Para contar a história desse movimento, os textos introdutórios que estamos apresentando - A Campanha pela Anistia, as Vítimas da Repressão e a Continuidade da Luta – são complementados por documentos variados, desde os documentos de congressos e encontros, e manifestos importantes, como a "Carta aos Brasileiros" do Professor Goffredo Telles Jr., a Carta de Princípios do CBA/SP, o manifesto dos jornalistas "Em nome da Verdade" - em que a categoria desmascara a versão de suicídio com que as autoridades tentaram encobrir o assassinato de Vladimir Herzog - aos panfletos e relatos pessoais, como as cartas de presos, exilados e familiares de mortos e desaparecidos. Esse material é acompanhado também por registros iconográficos, que emprestam a vida das imagens aos acontecimentos relatados.

O esforço para captar as experiências vividas reforça-se com a série de depoimentos, em que mais de 50 protagonistas da luta pela Anistia relatam, de um ponto de vista pessoal, suas memórias do movimento e fazem a avaliação, 20 anos depois, do que ele representou para as suas trajetórias de vida e para a luta contra o autoritarismo no Brasil.

Como recurso didático para a visualização da trajetória da campanha da Anistia dentro do contexto histórico mais amplo, preparamos também uma cronologia, a partir de 1º de abril de 1964, em que se faz a ordenação dos principais acontecimentos da vida política do País no período.

Com a apresentação de todo esse material, é importante observar, não pretendemos esgotar o assunto e nem sequer oferecer garantia de que não tenhamos cometido falhas e omissões importantes.

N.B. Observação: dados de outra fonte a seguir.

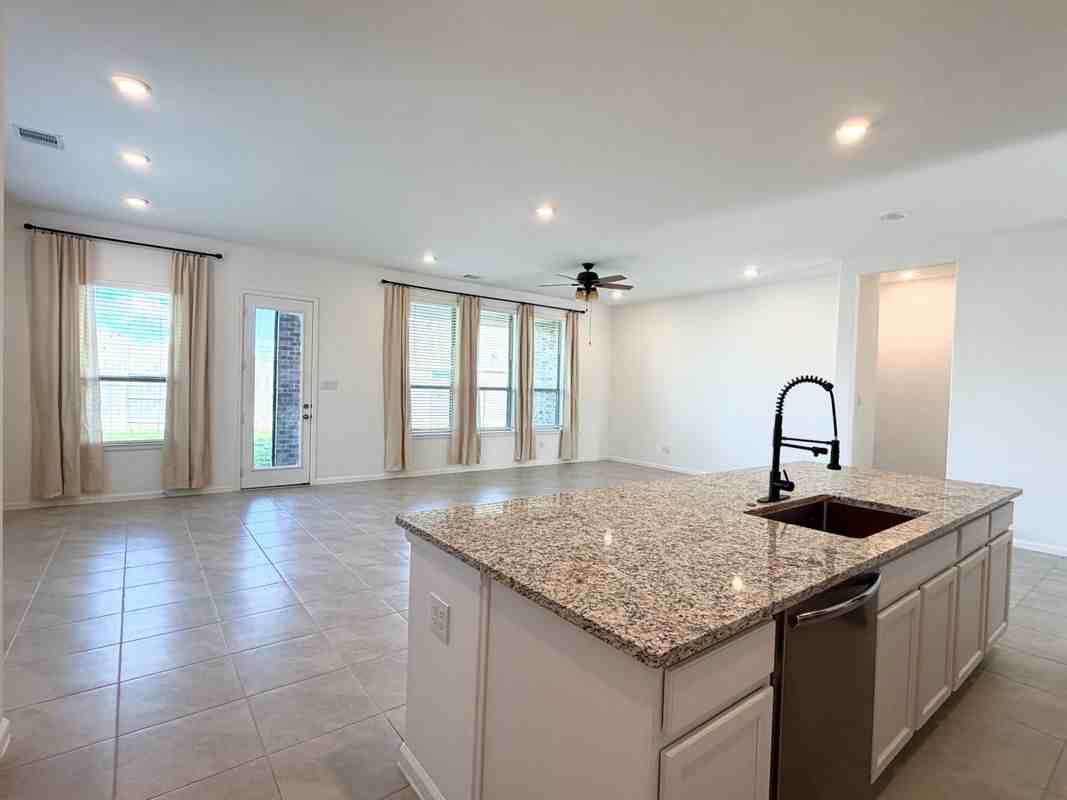 3715 Rock Ledge Dr - Photo 3 of 15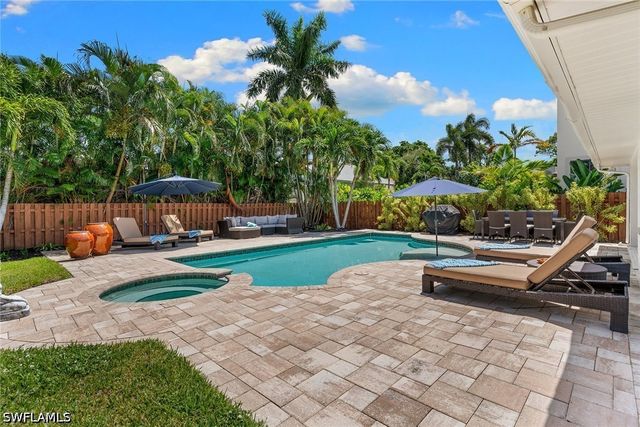 580 97th AVE N, Naples, FL 34108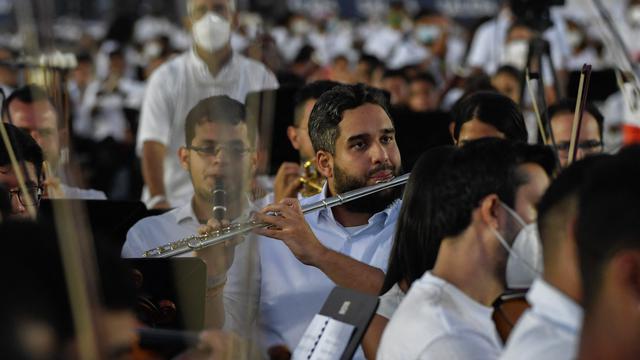 12 Ribu Musisi Venezuela Tampilkan Orkestra Terbesar di Dunia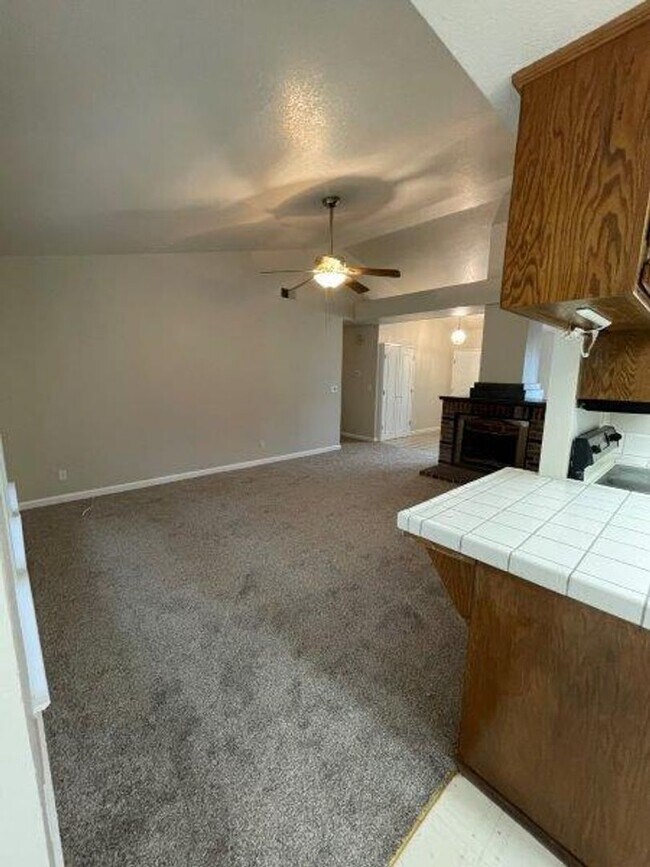 Building Photo - Fabulous 3 Bed 2 Bath home in the Heart of Elk Grove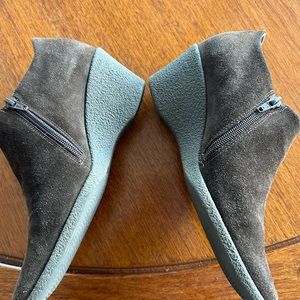 Water resistant suede ankle boots!  Made in Italy, and in good condition.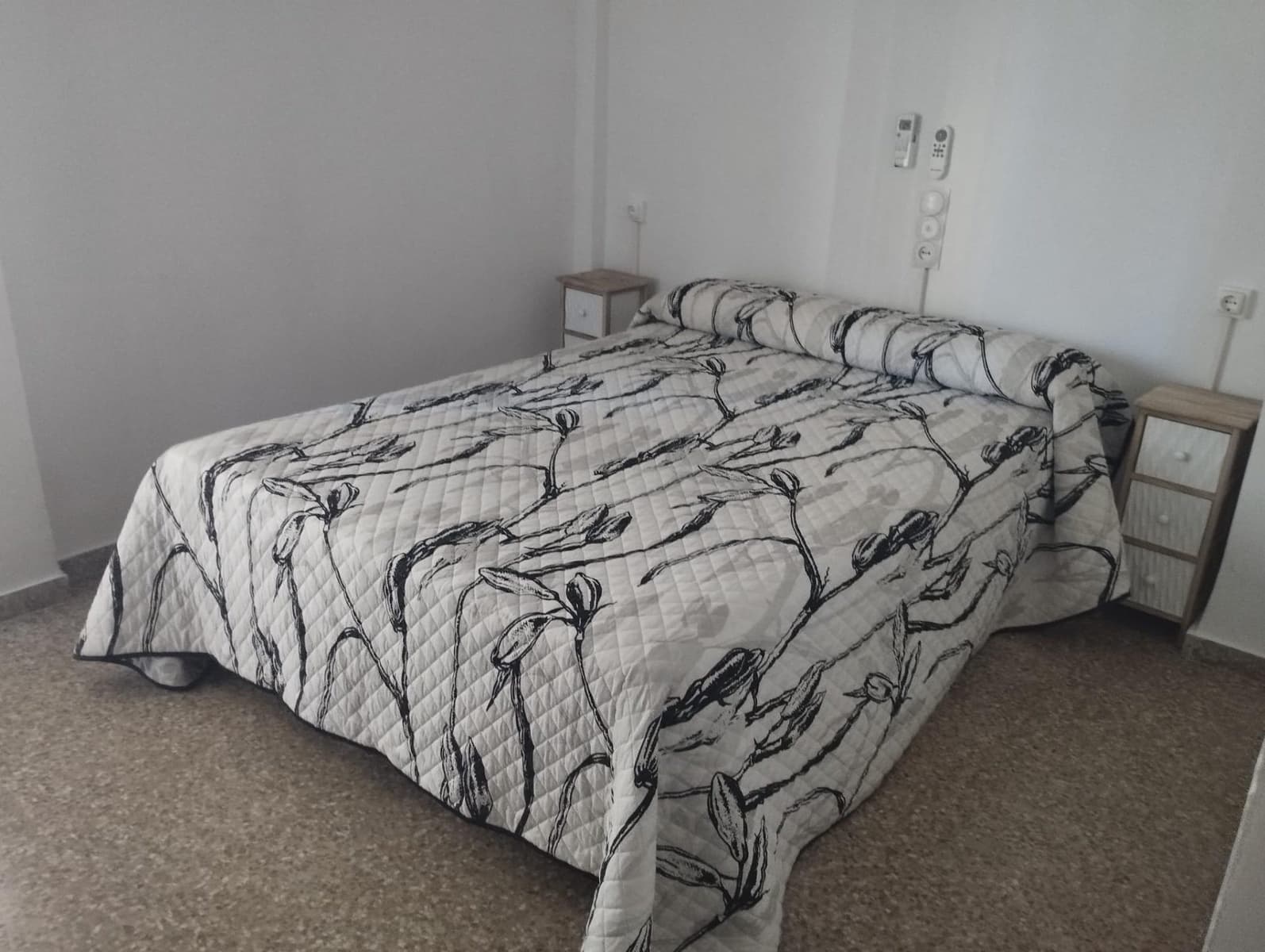 4 bedroom Apartment for rent in Gandia - € 900 (Ref: 9843908)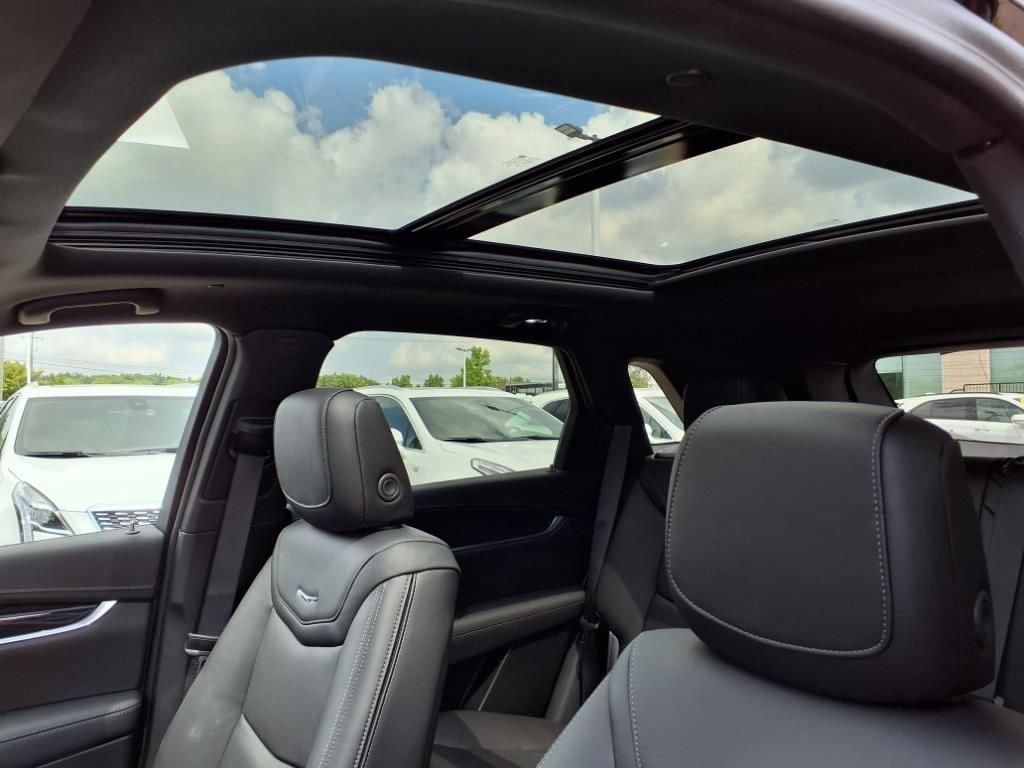 New 2025 Cadillac XT5 Premium Luxury w/ LPO, Floor Liner Package image 15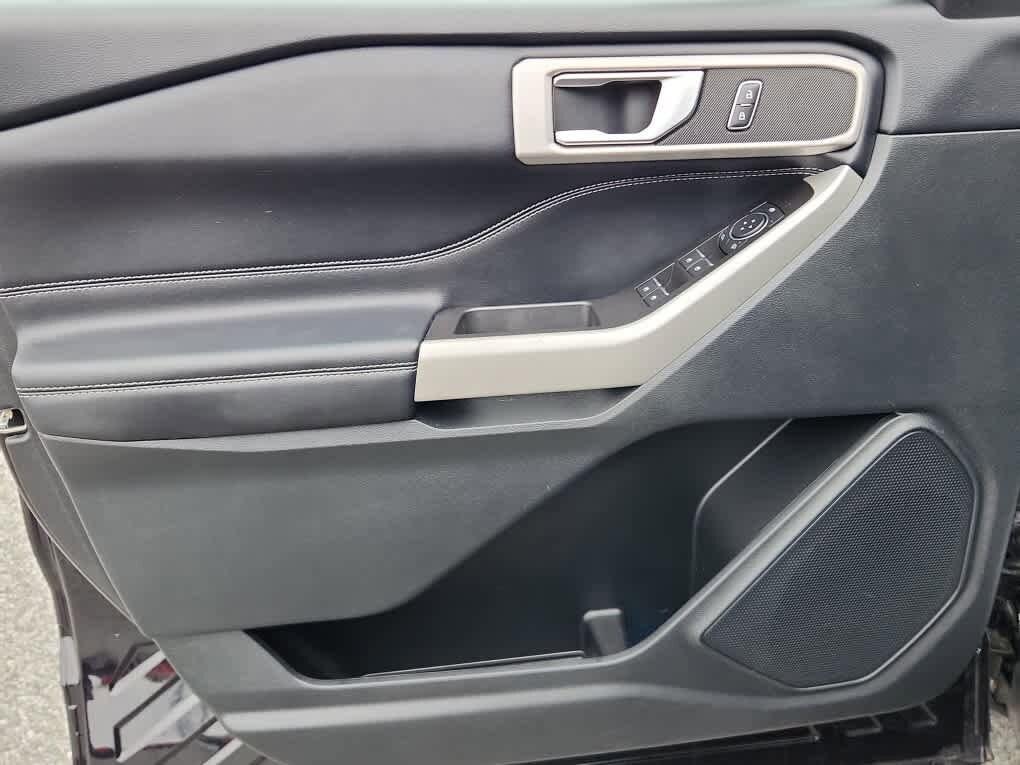 used 2022 Ford Explorer car, priced at $30,625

O esforço da Fundação Perseu Abramo foi o de oferecer uma seleção, que nos pareceu significativa, dentre o material que conseguimos coletar e organizar no curto espaço de tempo disponível e nos limites dos nossos recursos atuais.

Chamamos a atenção para a Homenagem, que destaca cinco valorosos combatentes da causa da Anistia, que não se encontram mais entre nós. Henfil, Jaime Wright, Madre Cristina, Perseu Abramo e Teotônio Vilela foram incansáveis militantes e deram contribuição inestimável a essa luta. Nas suas pessoas homenageamos também o conjunto dos militantes dos movimentos de Anistia, que deram o melhor dos seus esforços para que a causa fosse vitoriosa.

Uma referência especial deve ser feita ao nosso amigo de todos os momentos, Perly Cipriano, que foi a primeira pessoa a nos procurar para falar da necessidade de comemorarmos os 20 anos da Anistia. Esse bravo e querido companheiro, vitimado por um grave acidente que – para nossa felicidade - não roubou sua vida, não pôde, como era sua vontade, participar dos diversos trabalhos desenvolvidos. Para remediar, em parte, essa insuperável falta, reproduzimos entre os textos de "A voz das prisões", trechos do livro "Fome de Liberdade", que Perly escreveu juntamente com Gilney Viana.

Resta dizer que nem todos os documentos disponíveis na FPA foram reproduzidos nestas páginas. Os interessados no assunto poderão ter acesso àqueles que constam do nosso acervo, ou nos consultar sobre outras fontes que deverão ser procuradas.

 

Esperamos que essa iniciativa da FPA tenha a utilidade que para ela previmos, e que iniciativas semelhantes se multipliquem por todo o País, para que, finalmente, a campanha pela Anistia, que foi um episódio significativo da luta incessante do povo brasileiro contra o autoritarismo, pela justiça social e pelos direitos humanos fique definitivamente registrada. Não vamos esquecer!